Vladimir Kush - At the End of the Earth

Terceira Sessão: Abismos

As marcas daquela felicidade, já passada, me voltavam como se estivessem negativadas em minha mente. É verdade que procurei desnecessariamente por elas. Em meio a nossa felicidade, fui buscar tristeza, e na tristeza fiquei. Eram as forças que me puxavam para aquilo que eu chamava de realidade, como se a felicidade fosse irreal e a verdade, necessariamente, triste.

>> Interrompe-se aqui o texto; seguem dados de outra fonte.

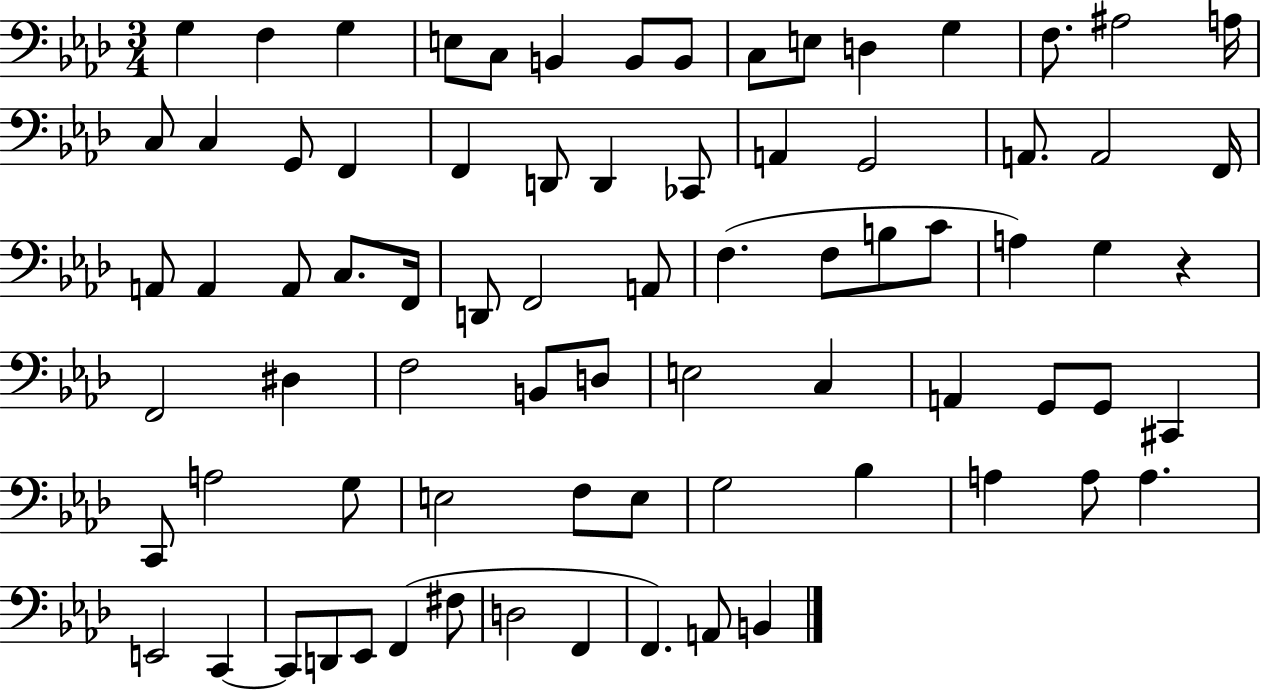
X:1
T:Untitled
M:3/4
L:1/4
K:Ab
G, F, G, E,/2 C,/2 B,, B,,/2 B,,/2 C,/2 E,/2 D, G, F,/2 ^A,2 A,/4 C,/2 C, G,,/2 F,, F,, D,,/2 D,, _C,,/2 A,, G,,2 A,,/2 A,,2 F,,/4 A,,/2 A,, A,,/2 C,/2 F,,/4 D,,/2 F,,2 A,,/2 F, F,/2 B,/2 C/2 A, G, z F,,2 ^D, F,2 B,,/2 D,/2 E,2 C, A,, G,,/2 G,,/2 ^C,, C,,/2 A,2 G,/2 E,2 F,/2 E,/2 G,2 _B, A, A,/2 A, E,,2 C,, C,,/2 D,,/2 _E,,/2 F,, ^F,/2 D,2 F,, F,, A,,/2 B,,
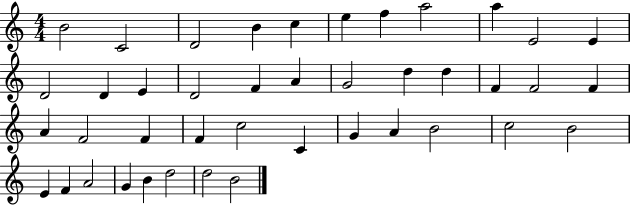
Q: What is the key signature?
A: C major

Às vezes me sinto num devaneio. Acordo, vou pra rua, trabalho, durmo, e sinto como se nunca tivesse acordado. Sinto que vivo uma vida que não vivi. E certas horas, me belisco para saber se aquilo tudo é real. Nesses lapsos me questiono o porquê de estar ali, afinal. O porquê de ter feito tal escolha, o porquê de estar vivendo dessa forma e então, volto à irrealidade. Tudo fica enevoado e sigo no sonho, sonhando como as coisas poderiam ser bonitas e coloridas. Poderiam ser.

Mas há momentos em que me vejo viva, em êxtase, e num respiro de esperança as possibilidades se abrem como portas coloridas na minha frente, onde posso escolher e ser, de fato, tudo aquilo que eu poderia ser. Porém, num estalo, desço a escadaria do meu medo, para me esconder na tristeza, como se ela fosse a verdadeira e única forma de existir. Me afundo na certeza de que nada pode ser tão bom assim, como se não merecesse a felicidade, como se ela não coubesse em mim.

E sinto como se a felicidade de fato não existisse. Parecem ser pílulas fabricadas num mundo de desalento e dissabores para que todos tenham a esperança de um dia a alcançarem. Continuamos vivendo. E vejo nos olhos daqueles que pedem, envergonhados, um prato de comida, ou um casaco para o frio, um mundo de tristeza, um abismo sem fim.

Quanto mais penso, mais me afundo, num redemoinho de olhares e fotos e datas e taças e pratos e convites e canções, como se não pertencesse a nenhum lugar no mundo. Cavoco meu próprio poço, vasculhando as memórias e o passado que sei que me devastará. Me sinto extremamente só submersa nos densos sentimentos que me arrastaram para o meio do oceano, clamando por um socorro vazio, num mundo surdo e mudo. É como se eu fosse exilada de mim mesma.

Aos poucos, porém, sinto chegar a vida. Todo aquele mar vai se evaporando e deixa o que pesava mais leve... Luto contra as últimas ondas que me tentam levar, mas mesmo cansada, resisto. Arfando, me apoio nos sorrisos e tento me reconstruir, ainda mais forte. Sei que as muralhas nunca serão suficientes para a tristeza que há no mundo, mas me socorro da crença de que existe felicidade. 

Tento me proteger dessa louca armadilha que criei, de que a felicidade não cabe em mim, buscando resistir aos meus próprios abismos.